One researcher notes that the rate at which the salary of Knesset Members (MKs) increases is three times that of the average Israeli. In addition to salary, MKs are paid for car upkeep, lodging in Jerusalem, entertainment expenses, and special health care benefits for themselves and their families. Also, an MKs pension is payable at age 40 rather than 60 or 65, as for ordinary mortals, and the pension is computed on the basis of his entire salary, including such items as automobile or travel expenses and clothing allocations. Incidentally, MKs can make 25,000 phone calls per year at no charge—and not only while serving in the Knesset, but for life!
Israel’s reputed democracy is a fiefdom, not to say a thiefdom. This fiefdom is perpetuated by the very design of Israel’s political institutions. Changing the prime minister will not change the oligarchic and corrupt character of Israeli government.
All honor to Israel’s socialist founders! Credit them for their material accomplishments and the ingathering of a million Jews. But the parliamentary system they created—proportional representation of fixed party lists competing in a single countrywide constituency with an electoral threshold that allows parties to multiply like mushrooms—is a political monstrosity. This “system” fragments the nation. It renders it impossible to achieve national unity or to cultivate Jewish national pride and purpose—preconditions of Jewish survival.
To survive, Israel must have a government whose structure and goals are distinctively Jewish. (Here I will be accused of advocating a theocracy, even though in Judaism there is no ruling class, no “clergy” and no “laity.”) One does not have to be an observant Jew, or even Jewish, to understand that Israel cannot survive in a hostile Arab sea unless its government consist of Jews proud of their Jewish heritage.
From the very outset, however, Jewish self-effacement was distinctive of Israel’s socialist leaders.
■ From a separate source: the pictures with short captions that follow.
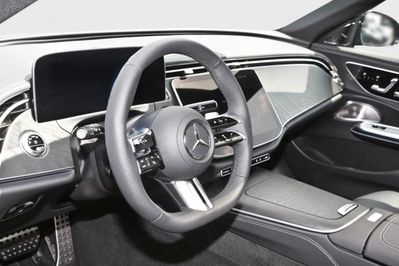 Mercedes Klasa E 220 d 4-Matic AMG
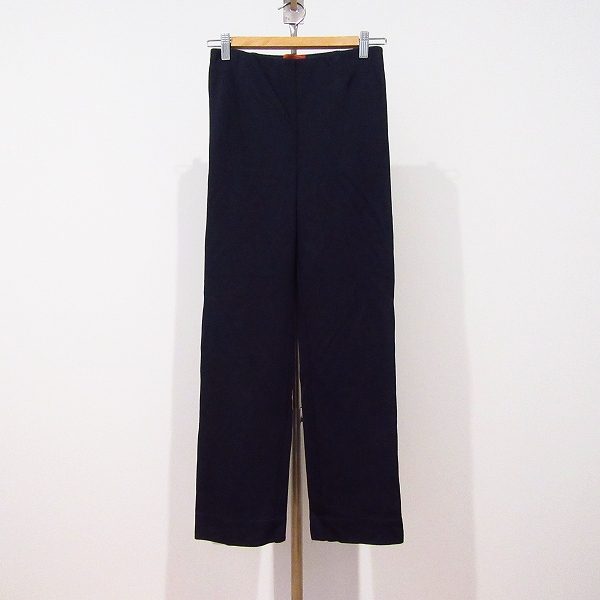 シンプルなデザインが魅力的なミッソーニのパンツをお買取しました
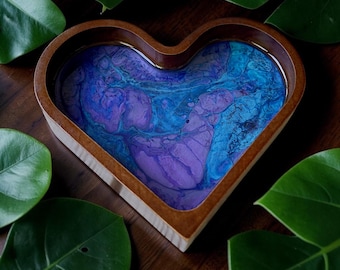Vassoio a forma di cuore Midnight Tide – Piatto artistico in resina dipinto a mano – Colata acrilica blu e viola – Portagioie – Decorazione spirituale – Regalo fatto a mano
David Ben-Gurion penned this piece of Jewish self-denial for posterity: “An Arab should also have the right to be elected President of Israel.”
Not that the Likud is so different. Its erstwhile spiritual mentor, Vladimir Jabotinsky, anticipated Ben-Gurion with this piece of democratic flapdoodle: “In every Cabinet where the Prime Minister is a Jew the Vice-Premiership shall be offered to an Arab, and vice-versa.”
I have often said that the Likud is merely the rightwing of the Labor Party. Kadima proves it.
To end on a positive note, however, let me offer five measures required to obtain an efficient as well as authentic Jewish government:
(1) Replace multi-party cabinet government with a presidential system, one that excludes Knesset members from the cabinet.
(2) Introduce constituency or multi-district elections to make Knesset members individually accountable to the voters.
(3) Enforce Basic Law: The Knesset, which prohibits any party that negates the Jewish character of the state.
(4) Democratize the mode of electing the Supreme Court, now a self-perpetuating oligarchy.
(5) Introduce serious Jewish studies in the public school curriculum.
That’s right: we need a Jewish state in Israel.